On modern Ubuntu (e.g. Ubuntu Vivid) and the GCC it ships with, this is less of an issue.

however, the checking still does chew up a bit of time, although it's not as severe as it is on big endian without this patch on slightly older gcc.
[14 Jul 2016 17:53] Sinisa Milivojevic
Vast majority of our users utilize Intel or Intel-like CPUs.

With 5.7.13 and gcc > 4.8.4, I fail to see the problem:

560		if (dict_table_is_comp(index->table)) {
   0x0000000001a6557d <+152>:	mov    -0x20(%rbp),%rax
   0x0000000001a65581 <+156>:	mov    0x20(%rax),%rax
   0x0000000001a65585 <+160>:	mov    %rax,%rdi
   0x0000000001a65588 <+163>:	callq  0x1a6293a <dict_table_is_comp(dict_table_t const*)>

Just FYI, this is compiled on Linux .....

If there is a problem at all, it is a problem of GCC producing a code as you described on those two CPUs .....
[15 Jul 2016 0:47] Stewart Smith
560		if (dict_table_is_comp(index->table)) {
   0x0000000001a6557d <+152>:	mov    -0x20(%rbp),%rax
   0x0000000001a65581 <+156>:	mov    0x20(%rax),%rax
   0x0000000001a65585 <+160>:	mov    %rax,%rdi
   0x0000000001a65588 <+163>:	callq  0x1a6293a <dict_table_is_comp(dict_table_t const*)>

This is just doing a function call, you'd need to look at the ASM for dict_table_is_comp itself.

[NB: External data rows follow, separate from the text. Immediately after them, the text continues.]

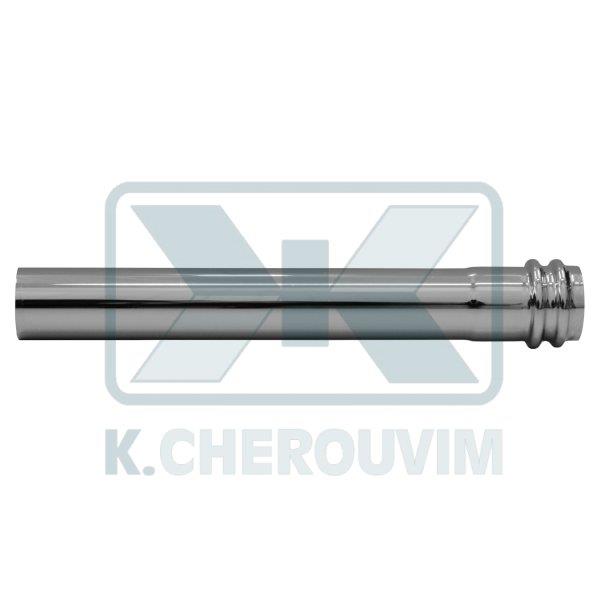 ΠΡΟΕΚΤΑΣΗ ΜΕ 2 O-RING Φ32 Χ L250 mm ΑΡΣ. ΘΗΛ. ΧΡΩΜΕ ΓΙΑ ΣΩΛΗΝΑ ΣΙΦΟΝΙΟΥ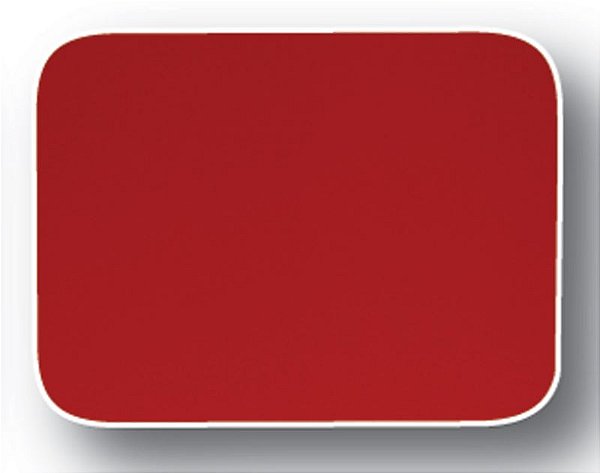 Cartolina EVA 1.6 40X48 Liso Vermelho Make+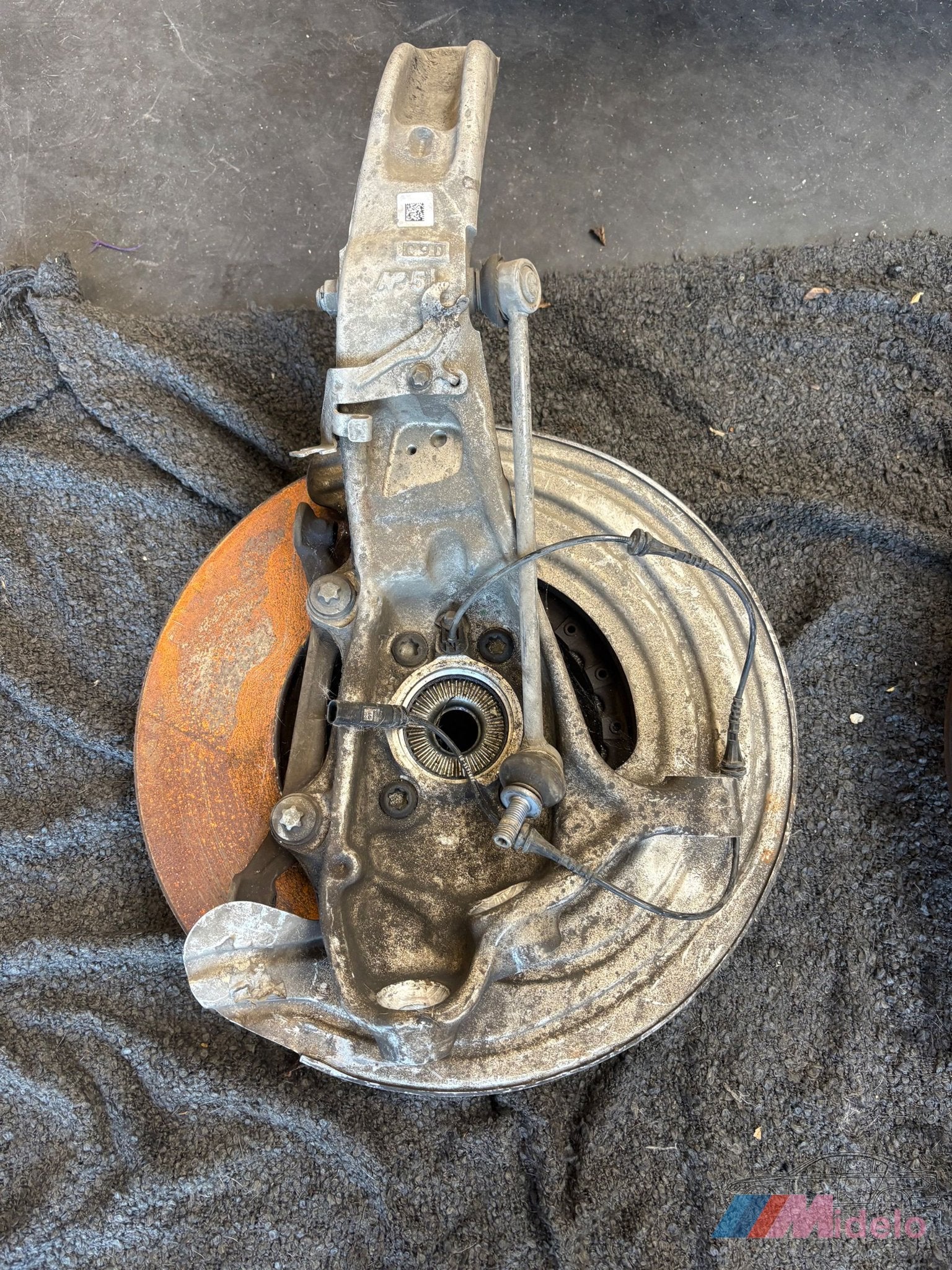 BMW XM (G09) REMSCHIJF MET FUSEE LINKS VOOR 8840335 68766550, Auto-onderdelen, Gebruikt, -, -, Ophalen of Verzenden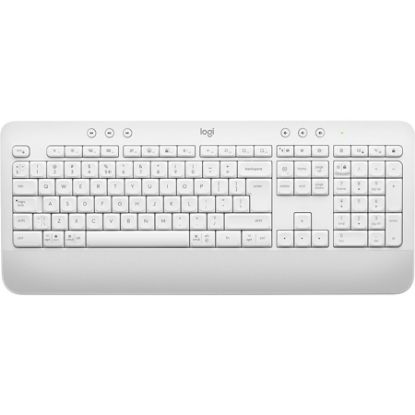 Imagem de TECLADO SEM FIO LOGITECH SIGNATURE K650 COM APOIO PARA AS MÃOS, TECLADO NÚMERICO E CONEXÃO BLUETOOTH OU RECEPTOR USB LOGI BOLT E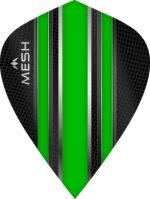 Mission-Flight-Mesh-Kite-Green Mission - Mesh - Dart Flights - KITE - Green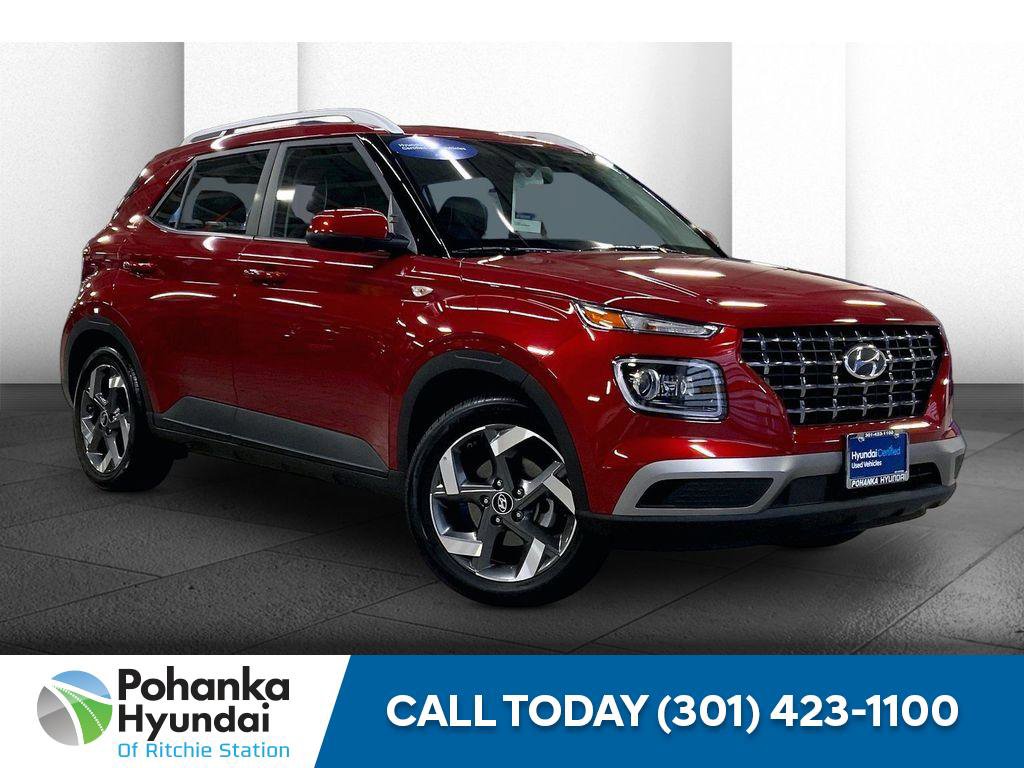 Certified 2025 Hyundai Venue Limited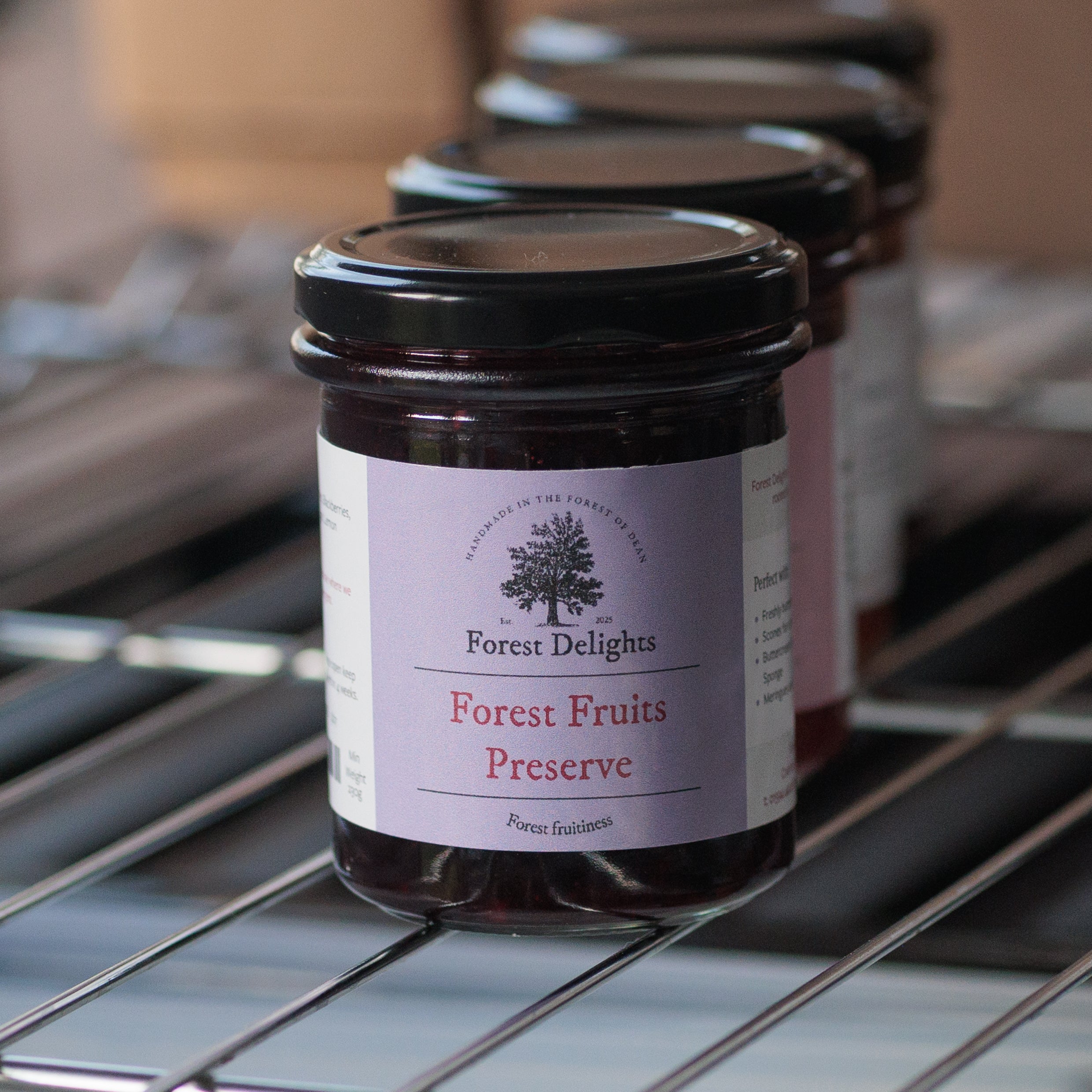 Forest Fruits Preserve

Anyway, because this bug has languished for so long, it's likely that everybody has moved to a more recent compiler... which isn't excusing C bitfields as a good idea.
[15 Jul 2016 14:46] Sinisa Milivojevic
Hi Stewart,

First of all, in 5.7.13 dict_table_is_comp() is extremely simple:

Check whether the table uses the compact page format.
@return TRUE if table uses the compact page format */
        const dict_table_t*     table)  /*!< in: table */

#error "DICT_TF_COMPACT must be 1"

        return(table->flags & DICT_TF_COMPACT);

I took a look at 5.5 and 5.6 and it is also the same.

Getting the code for the inlined function is not easy, but I got it ..... Here it is:

  0x0000000001a6293a <+0>:	55	push   %rbp
   0x0000000001a6293b <+1>:	48 89 e5	mov    %rsp,%rbp
   0x0000000001a6293e <+4>:	48 83 ec 10	sub    $0x10,%rsp
   0x0000000001a62942 <+8>:	48 89 7d f8	mov    %rdi,-0x8(%rbp)
   0x0000000001a62946 <+12>:	48 83 7d f8 00	cmpq   $0x0,-0x8(%rbp)
   0x0000000001a6294b <+17>:	0f 94 c0	sete   %al
   0x0000000001a6294e <+20>:	0f b6 c0	movzbl %al,%eax
   0x0000000001a62951 <+23>:	48 85 c0	test   %rax,%rax
   0x0000000001a62954 <+26>:	74 18	je     0x1a6296e <dict_table_is_comp(dict_table_t const*)+52>
   0x0000000001a62956 <+28>:	ba 7e 02 00 00	mov    $0x27e,%edx
   0x0000000001a6295b <+33>:	48 8d 35 d6 25 7c 00	lea    0x7c25d6(%rip),%rsi        # 0x2224f38
   0x0000000001a62962 <+40>:	48 8d 3d c9 26 7c 00	lea    0x7c26c9(%rip),%rdi        # 0x2225032
   0x0000000001a62969 <+47>:	e8 7e 52 12 00	callq  0x1b87bec <ut_dbg_assertion_failed(char const*, char const*, unsigned long)>
   0x0000000001a6296e <+52>:	48 8b 45 f8	mov    -0x8(%rbp),%rax
   0x0000000001a62972 <+56>:	0f b6 40 34	movzbl 0x34(%rax),%eax
   0x0000000001a62976 <+60>:	0f b6 c0	movzbl %al,%eax
   0x0000000001a62979 <+63>:	83 e0 01	and    $0x1,%eax
   0x0000000001a6297c <+66>:	c9	leaveq 
   0x0000000001a6297d <+67>:	c3	retq   

You can forget all the code until 0x1a62972, because it is there only in debug version.
As you can see the produced code is very, very simple on Intel. And this is done by using GCC 4.8.3 without any optimizations in the compile arguments, not even -O. And still, it is very, very simple ....

Hence, it is my conclusion that this is a problem with GCC compiler for POWER8 and PowerPC. This is a pity, since both are fantastic CPUs.